Frigorífico sustentável “papa” meio milhão até 2022

Frigorífico sustentável “papa” meio milhão até 2022

A YBY Foods é uma empresa portuguesa recém-nascida, com sede na Areosa, e cujo negócio, de base sustentável, já teve de sobreviver à covid-19. O lançamento do produto bandeira foi adiado de março para julho, mas já está a chegar aos primeiros clientes e a traçar um caminho que deverá trazer meio milhão aos fundadores nos próximos dois anos.

Um frigorífico sustentável, que se assemelha em tudo às máquinas automáticas, mas que se distingue por duas características: oferece apenas comida saudável e possui uma “inteligência acima da média”, pois é dotado de tecnologia que vem simplificar a compra e otimizar a gestão de stock. É este o produto bandeira da YBY Foods, que vai chegar esta semana aos escritórios de duas empresas do Porto, a Inova+ e a Mindera. Mas a perspetiva é que, em breve, sirva também duas multinacionais e que saia do seio do Porto para Lisboa e, talvez, Madrid.

“É a partir de julho que prevemos poder instalar frigoríficos ao ritmo que foi previsto antes da covid-19”, isto é, cerca de sete por mês em 2020, explica o cofundador e CEO da YBY Foods, Francisco Fernandes. Este ano, o objetivo de faturação está nos 25.000 euros, mas sobe para 325.000 em 2021 e, dois anos após o lançamento, deverá estar nos 510.000 euros, prevê a equipa, com base nas negociações atuais com potenciais clientes.

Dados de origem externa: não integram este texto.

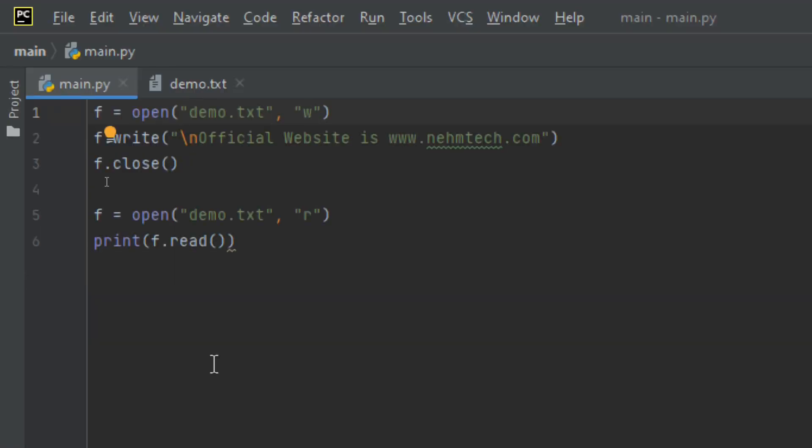Now let's talk about creating a new file. To create a new file in Python we use the open method with the following parameters: 'x' will create a file but return an error if the file already exists. We also have 'a' for append — this will create a file if the specified file does not exist.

Esta receita provém da venda dos snacks, produzidos pela própria YBY Foods, o que proporciona uma margem maior, explica o CEO. A lógica foi “colocar um preço equivalente àquele que uma pessoa está habituada a pagar por um lanche comum num café”, evitando os valores ‘premium’ associados à venda de comida mais saudável.

Um negócio sustentável

A YBY Foods quis ter a sustentabilidade nas suas raízes e esta está integrada no modelo de negócio da empresa. Tudo começa com o próprio frigorífico, que é adquirido em segunda mão em Portugal e depois recuperado pela YBY Foods.

“O nosso produto distingue-se pela tecnologia de inteligência artificial utilizada”,defende o CEO. A YBY Foods sabe à distância e em tempo real o stock de cada frigorífico, permitindo a otimização de rotas de distribuição, o que reduz as emissões poluentes associadas ao transporte. Por outro lado, evita o desperdício alimentar, através execução de preços variáveis: são aplicados descontos automáticos em função das datas de validade. Além disto, é dada a indicação quando determinado produto deve ser movido para outro frigorífico onde deverá ser consumido.

Abrindo o frigorífico, o cliente depara-se com embalagens de vidro, fabricadas por vidreiras portuguesas. Estas podem ser deixadas, para já, numa caixa própria anexa ao frigorífico, para serem depois recolhidas no momento de reposição de stock, trazidas para a central de produção, lavadas e esterilizadas antes de voltarem à linha de enchimento. Neste momento os clientes não ganham nada, mas a YBY Foods tem uma aplicação móvel preparada para colocar um crédito para cada cliente que devolva a embalagem. Uma funcionalidade que deverá estar disponível dentro de três a quatro meses.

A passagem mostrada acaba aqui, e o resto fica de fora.